BEGIN RAW DATA

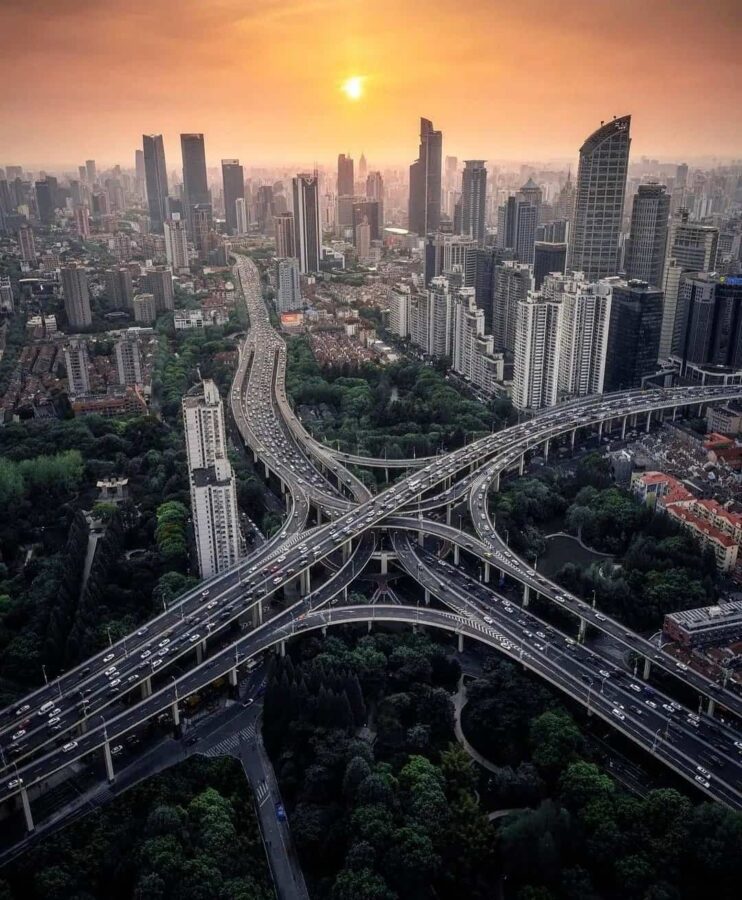 唯美城市风景微信头像高清图片 用风景街景做头像_27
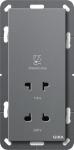 GIRA 282028 Rasiersteckdose 115-230V 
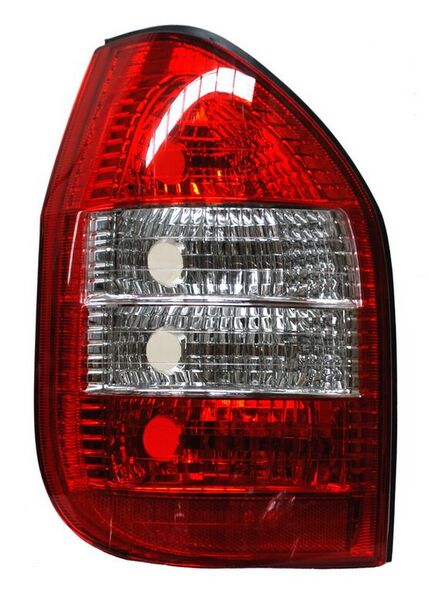 Calavera Zafira 03-05 Rojo/Bco S/Arnes Tyc 333 Izq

END RAW DATA

■ THE PROBLEM: Would you copy out all the data exactly, without the images?

■ YOUR SOLUTION:
 唯美城市风景微信头像高清图片 用风景街景做头像_27
 GIRA 282028 Rasiersteckdose 115-230V 
 Calavera Zafira 03-05 Rojo/Bco S/Arnes Tyc 333 Izq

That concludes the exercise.